Running the business hasn’t been easy as his wife and their home is located at the Lake Limerick Country Club near Bremerton. This meant Mike spent weekdays away from home and his beloved family.
“We love to play golf and pickleball, go on long hikes and water ski on the lake, and now I’ll get more time to do those kinds of special things,” Jensen said. “I’d also like to travel south in the winter to warmer places where I won’t hear my teeth chattering.”
Jensen’s commitment to his company was a family affair. Over the years, his son Scott and two daughters Mariah and Theresa helped with bookkeeping and the front counter and prepped and packaged products. Each of his kids have moved onto other successful ventures, but all learned how a company functions at the family smokehouse.
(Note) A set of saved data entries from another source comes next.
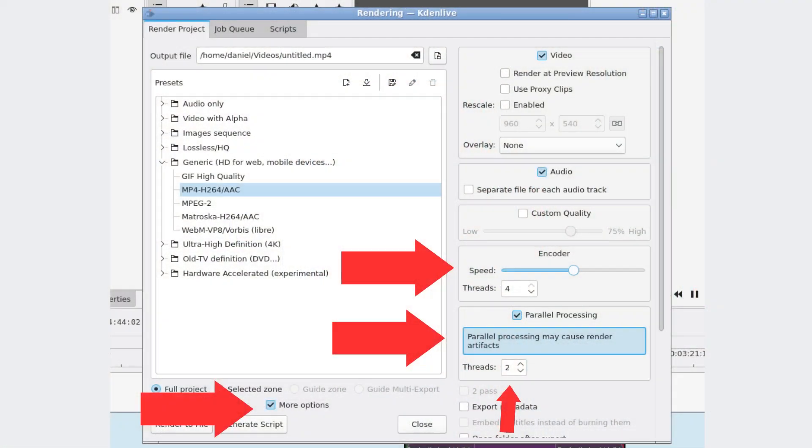I use as many threads as I can on my CPU. That's fine if you have a decent spec PC with a good amount of RAM. But if you're working on something less powerful, you want to take the opposite approach in order to minimize your risk of crashing.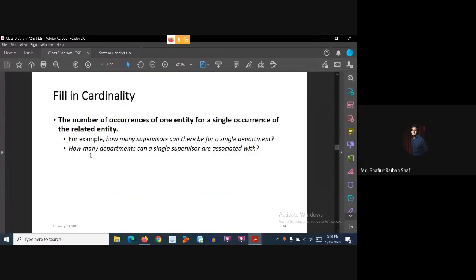Now we have to fill in the cardinality. So let's recap the definition of cardinality. Cardinality refers to the number of occurrences of one entity for a single occurrence of the related entity. For a single occurrence of one entity, how many times will the related entity occur — that relationship is called cardinality.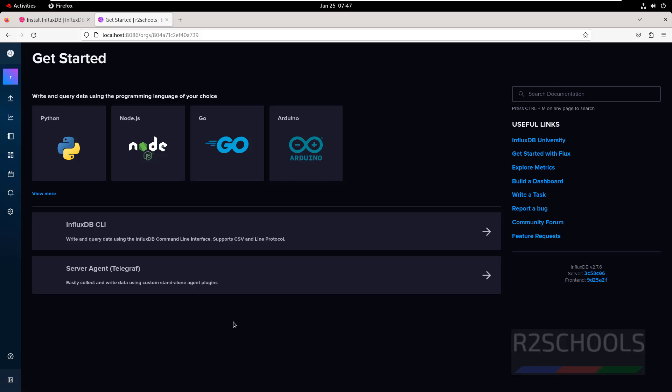So in this video, we have seen how to install and configure InfluxDB on RHEL 9. For more InfluxDB videos, please subscribe to my channel. Thank you.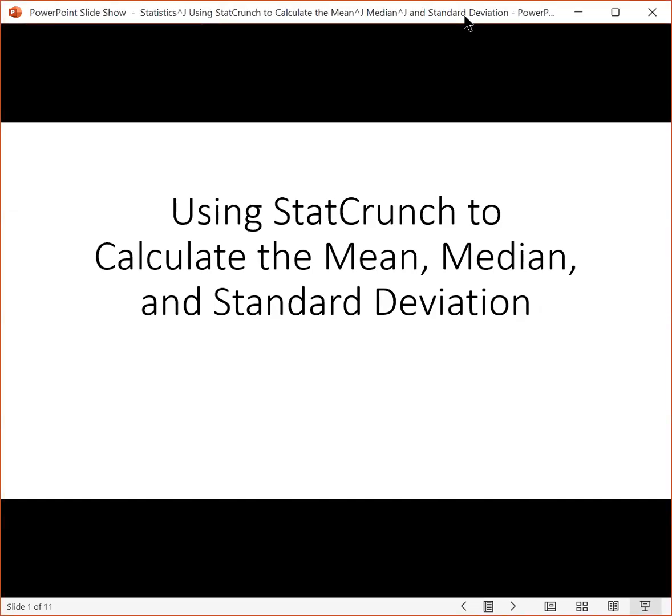Hello! In this video, we'll go over how to use StatCrunch to calculate the mean, median, and standard deviation.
Their custom work was beloved by customers as fish or meat/poultry products were hand cut, filleted and each batch brined then hot or cold smoked with care that included specialty toppings like garlic and pepper. Double pepper was one of my favorites! Each of the finished products were then vacuum-sealed and date stamped for freshness.
They also sold products to retail grocery stores like QFC, Uwajimaya and to vendors at Pike Place Market. Their closing will leave a void in the smoked seafood industry.
“It’s a pretty serious disappointment that we couldn’t keep the business going,” said Jensen where his 34-year-old company has stood in a building erected in 1955.
The building is expected to be demolished by 2020 and replaced with a four-story townhome although current Jensen employees are trying the reopen the business for 12 months and then hopefully relocate elsewhere.
“It has been an honor to serve the community for so long and I’m glad for what I have accomplished in life,” Jensen said.
Dig into this shellfish news
There’s nothing more fun then digging up your favorite shellfish during the winter time especially when oysters are in prime eating condition.
The only overriding factor is that winter low tides occur in the dark so packing along a powerful lantern coupled and flashlight or headlamp is vital when hitting your favorite Puget Sound and Hood Canal beach.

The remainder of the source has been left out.